/---
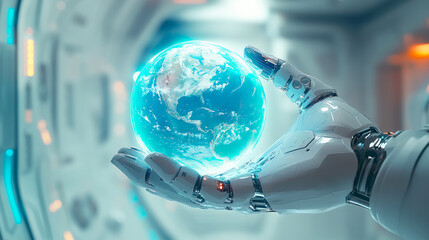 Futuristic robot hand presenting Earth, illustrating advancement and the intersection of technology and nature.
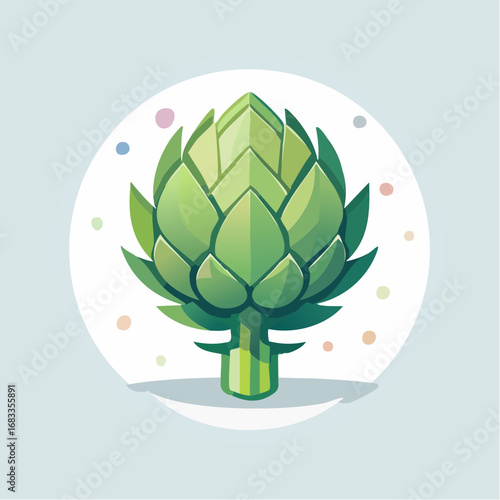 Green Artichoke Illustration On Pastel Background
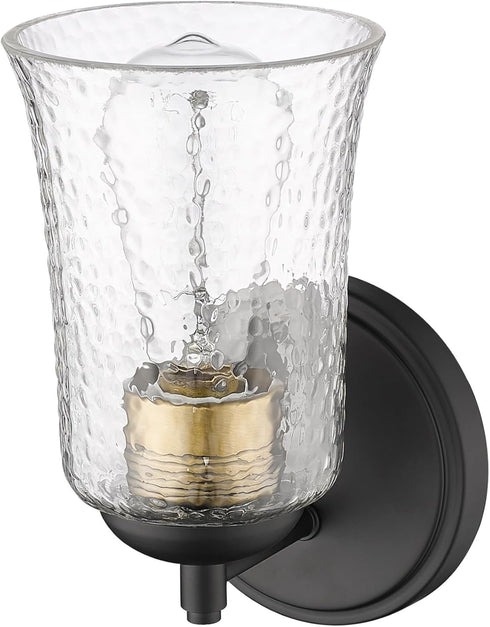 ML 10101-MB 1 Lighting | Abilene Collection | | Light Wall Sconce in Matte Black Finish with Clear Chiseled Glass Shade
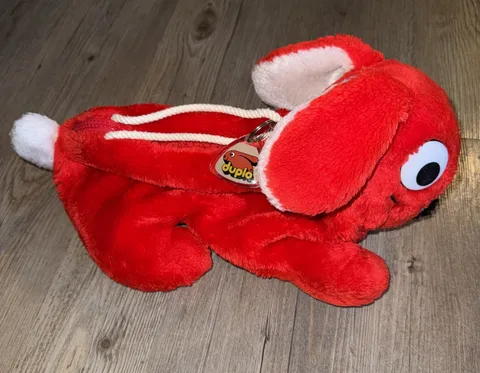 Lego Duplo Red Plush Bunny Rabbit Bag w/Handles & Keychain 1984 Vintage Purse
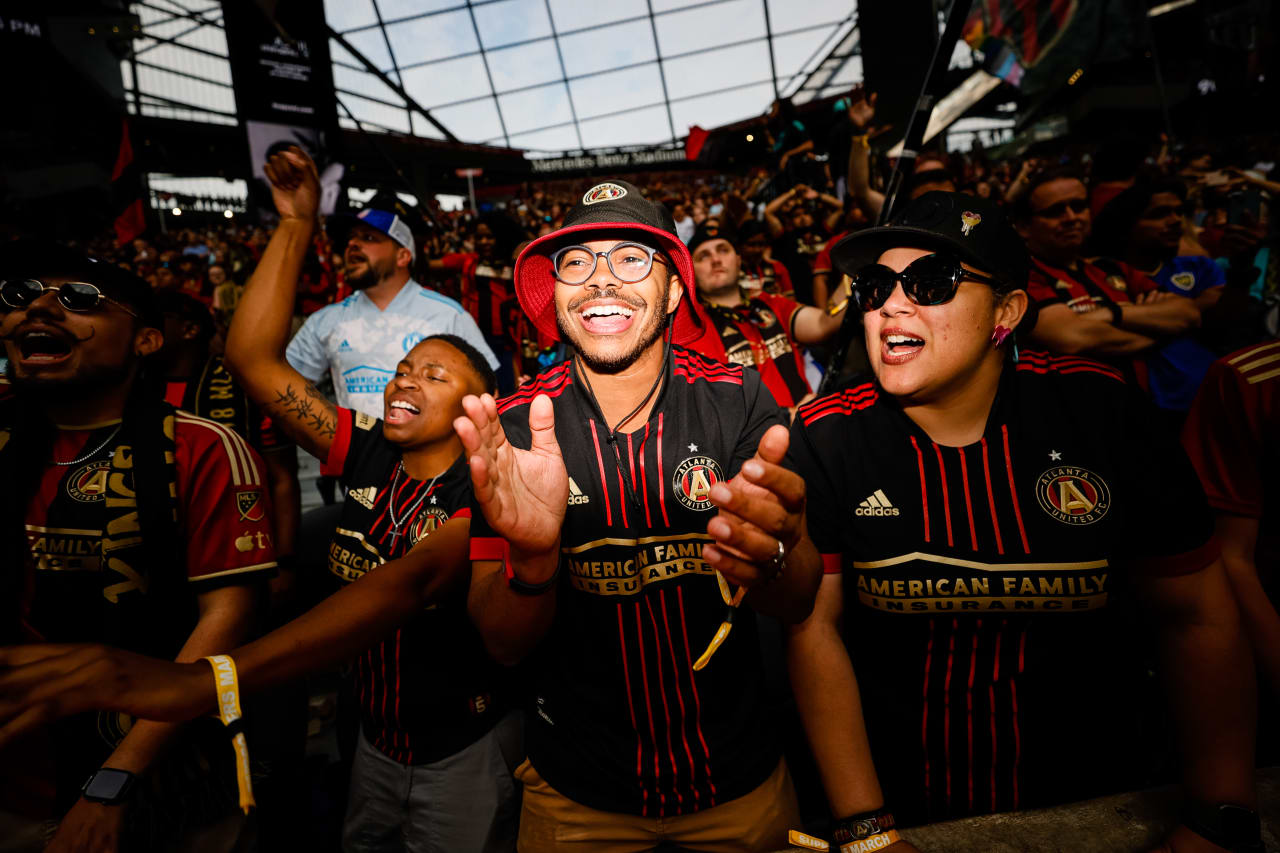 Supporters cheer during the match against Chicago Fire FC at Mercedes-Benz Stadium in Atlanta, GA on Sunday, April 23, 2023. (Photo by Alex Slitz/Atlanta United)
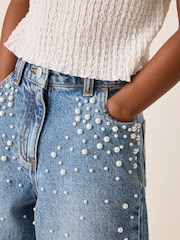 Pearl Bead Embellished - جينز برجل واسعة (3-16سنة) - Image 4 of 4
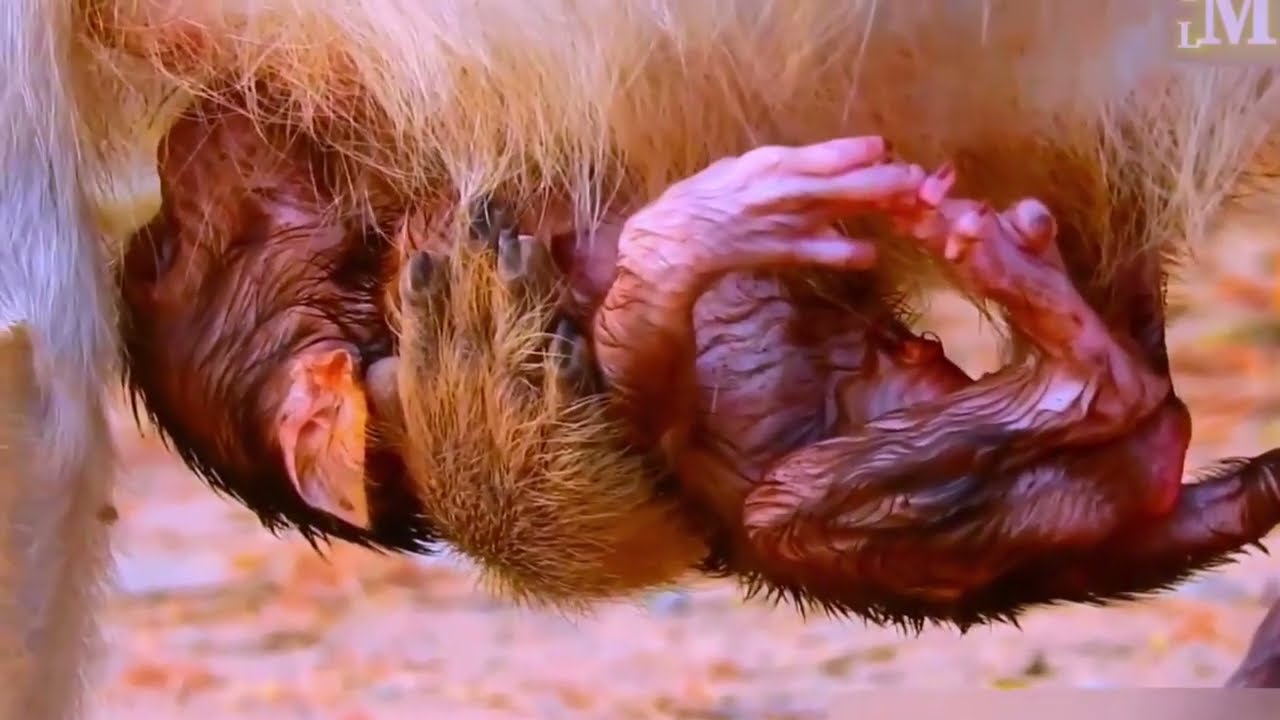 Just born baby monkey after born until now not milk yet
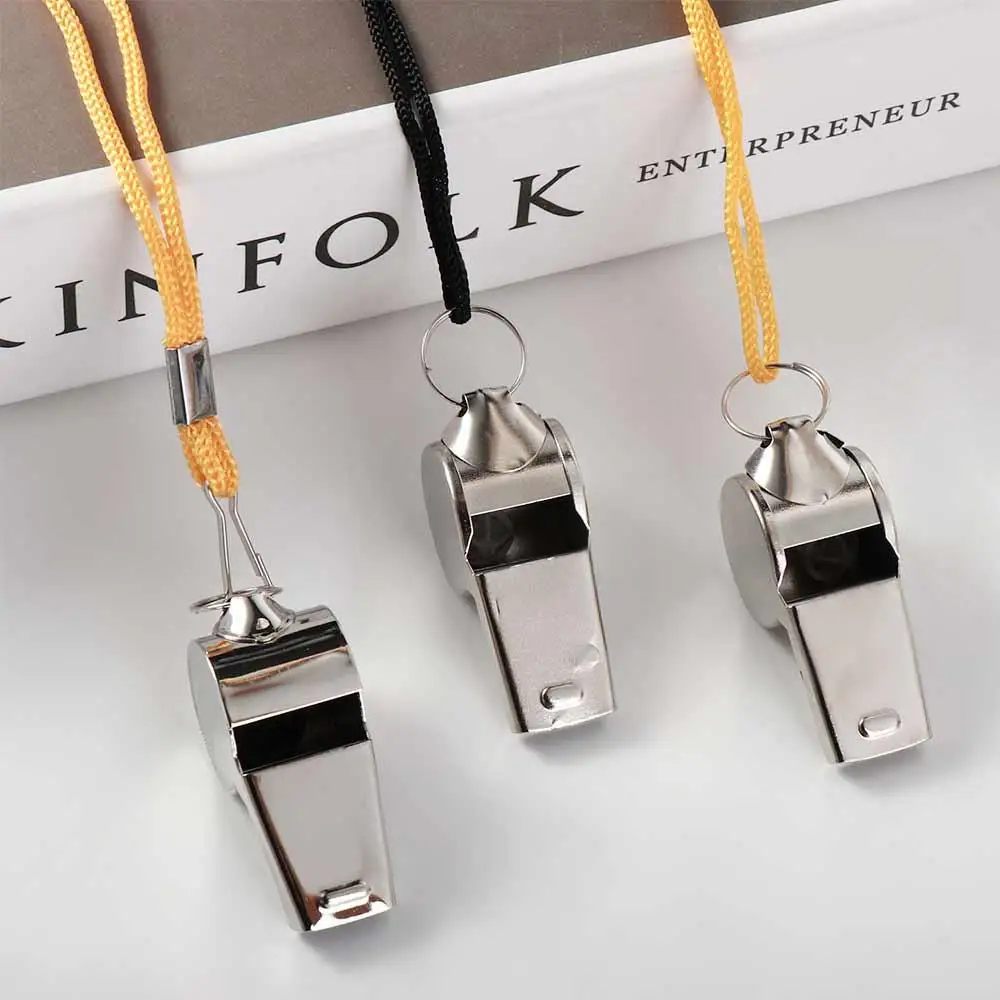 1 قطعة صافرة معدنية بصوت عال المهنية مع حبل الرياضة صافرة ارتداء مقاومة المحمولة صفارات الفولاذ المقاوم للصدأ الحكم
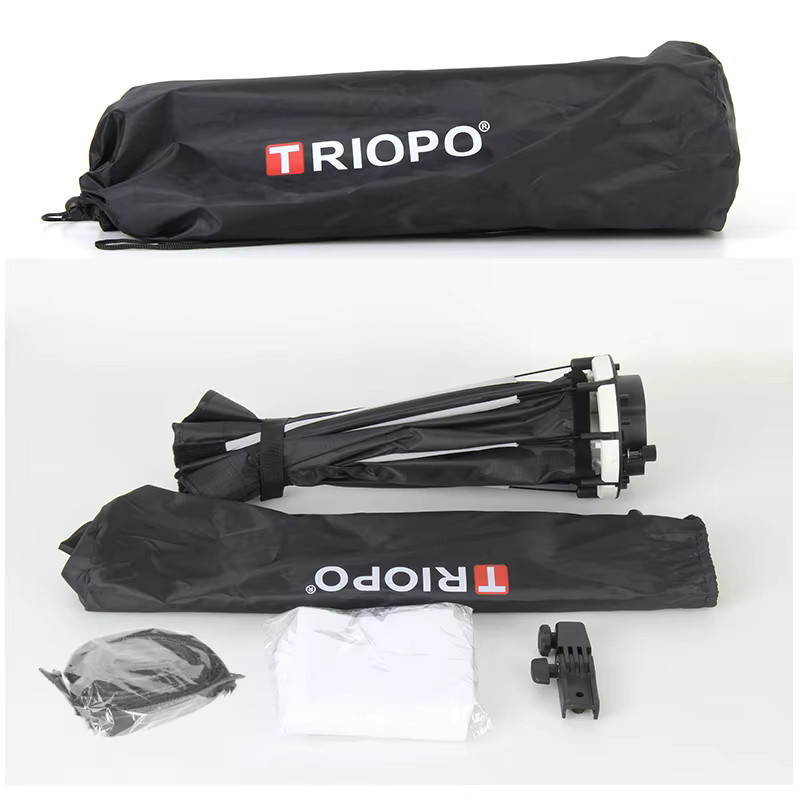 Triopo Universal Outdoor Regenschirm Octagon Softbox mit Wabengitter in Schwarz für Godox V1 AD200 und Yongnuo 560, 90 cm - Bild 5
\---
### Required work:
Write out, word for word, the line containing "Lego Duplo Red" and each line after it to the end of the data, and nothing more. Drop the pictures.

### Result for this task:
 Lego Duplo Red Plush Bunny Rabbit Bag w/Handles & Keychain 1984 Vintage Purse
 Supporters cheer during the match against Chicago Fire FC at Mercedes-Benz Stadium in Atlanta, GA on Sunday, April 23, 2023. (Photo by Alex Slitz/Atlanta United)
 Pearl Bead Embellished - جينز برجل واسعة (3-16سنة) - Image 4 of 4
 Just born baby monkey after born until now not milk yet
 1 قطعة صافرة معدنية بصوت عال المهنية مع حبل الرياضة صافرة ارتداء مقاومة المحمولة صفارات الفولاذ المقاوم للصدأ الحكم
 Triopo Universal Outdoor Regenschirm Octagon Softbox mit Wabengitter in Schwarz für Godox V1 AD200 und Yongnuo 560, 90 cm - Bild 5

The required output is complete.